Another lesson learned from the coronavirus pandemic: you need to be agile and know how to adapt. Crisis management was done on a day-to-day basis because states and businesses had little knowledge of the disease. Therefore, it is important to know how to adapt very quickly to different changes and to communicate well at all times with the population, to ensure that it adheres to the different measures.
This lesson leads us to McKinsey’s sixth lesson: It is important to consider the needs and desires, but also the behaviors of individuals in order to be able to implement an appropriate response to the virus. Again, it is important to communicate well to make the population understand the reasons for the implementation of the different devices such as confinement or the use of a mask.
COVID-19: schools and companies at the heart of the disorders
The pandemic has had a major impact on two institutions: the company and the school. During the first confinement, the two closed their doors completely, although the latter were able to recover by offering distance learning or work.
With his lesson number 7, McKinsey clarifies that school closures were necessary, but they had devastating effects on some children who actually dropped out of school. Consulting recalls the crucial role that education plays in society and it is important to return it to the center of concern in the event of a crisis or pandemic. It is therefore necessary to anticipate and implement the appropriate tools to avoid leaving the school system.
The eighth lesson McKinsey is learning from the COVID-19 pandemic is the impact of the crisis on the business world. The consultant even states that the world of work will not be ” never the same again With the introduction of teleworking, employees have become very interested in flexibility and now want to integrate some of the distance learning into their week. In addition, thousands of people he wrote his letter of resignation after questioning their missions, their jobs. It is therefore necessary to integrate more meaning, but also more flexibility in the world of work.
Investing and protecting: the keys to dealing with a crisis according to McKinsey
Should we protect the economy or the people?
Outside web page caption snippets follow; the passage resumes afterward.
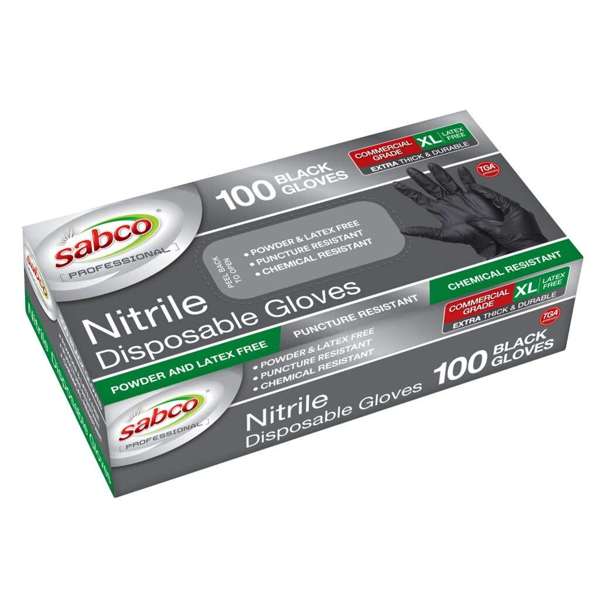 Sabco Nitrile Disposable Gloves Extra Large Black - 100 Pack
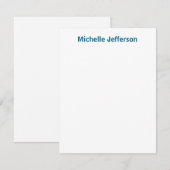 Carte De Correspondance Classique Créatif Tendance Blanc Bleu Océan (Devant / Derrière)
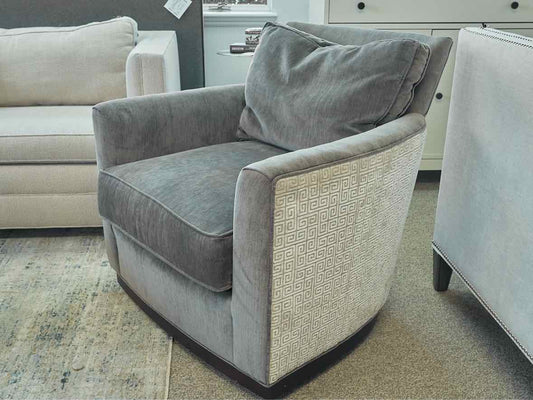 Pair of Wesley Hall Upholstered Swivel Chairs in Grey Velvet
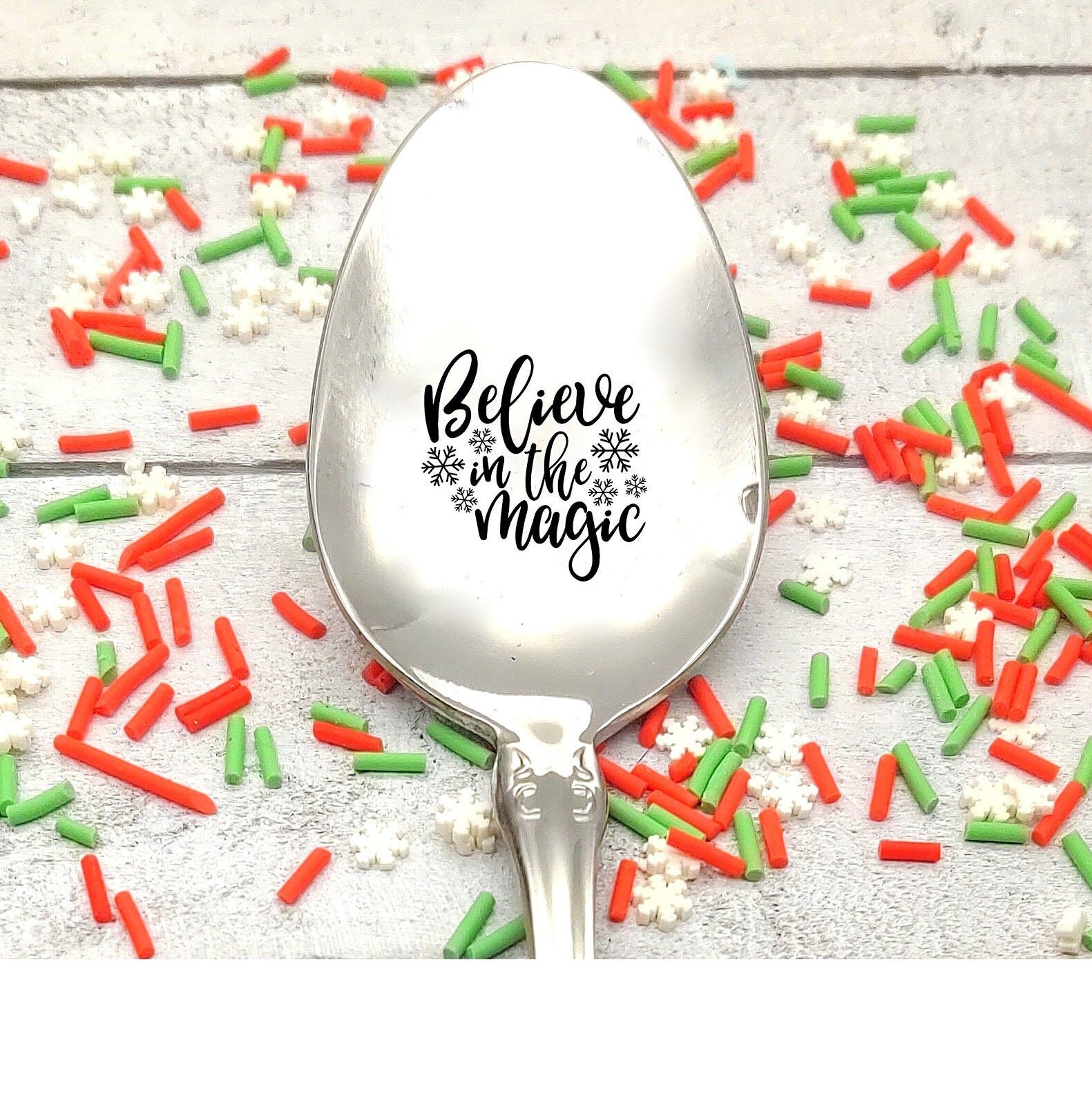 Coffee Spoon Cereal Option to Personalize with name custom spoon gift Christmas Cocoa Santa spoon Believe Santa Personalized  Ice Cream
This question may have arisen during the onset of coronavirus. Many preferred to protect the population and this is the ninth lesson McKinsey has learned from this crisis. Indeed, the institution specifies that it is ultimately difficult to protect the economy if we do not control an epidemic. The impact on citizens is too great and can have serious consequences for their health, of course, but also for the proper functioning of an entire country.
The last lesson McKinsey learns from the crisis is precisely that we must invest heavily in protecting its citizens. By putting money on the table, governments can better control and control pandemics and thus limit their impact on individual health and the economy. This investment will also help to better anticipate future global disasters.